When Prasan Kapoor, a computer engineer who earlier worked in the US returned home, he found a suitable job in less than a month online — but not from a job portal.
“I joined a community of certified professionals on Orkut and in less than a month, I got a call from a technology company,” Kapoor said.
Ajeet Chauhan, vice-president, human resources at Delhi-based fast food chain Nirula’s recruits actively through LinkedIn, a professional networking site. “There is an information overload on job portals whereas hiring through LinkedIn seems more real and reference checks more doable,” he said.
“LinkedIn has been a game changer. Senior-level people who do not want to be seen looking for jobs prefer networking sites or consultants,” said Srini Krishnamurthi, MD at Expertus.
Social networking is no longer just to hook up with friends and fellow hobbyists. Recruiters and passive job seekers lurk there.
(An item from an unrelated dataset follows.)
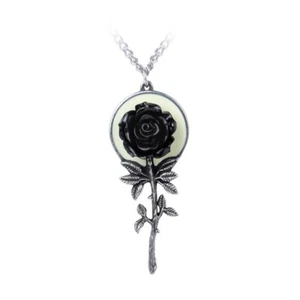 Alchemy P849 Luna Rose Necklace Gothic Pendant England Moon Punk Black - Picture 1 of 1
Job portals, already hit by an economic downturn, are feeling the heat, but are not worried yet.
“Hit rate on Naukri.com for active jobs is high but networking sites could be a threat for us going forward. They are not at present,” said Hitesh Oberoi, CEO at Info Edge. Not to be outdone, Naukri launched its own professional networking site Brijj, which has 23 lakh registered users. It is also active on micro-blogging site Twitter.com, where it plans to “tweet” jobs soon.
Monster.com’s India managing director Sanjay Modi also said he saw no threat yet from social media.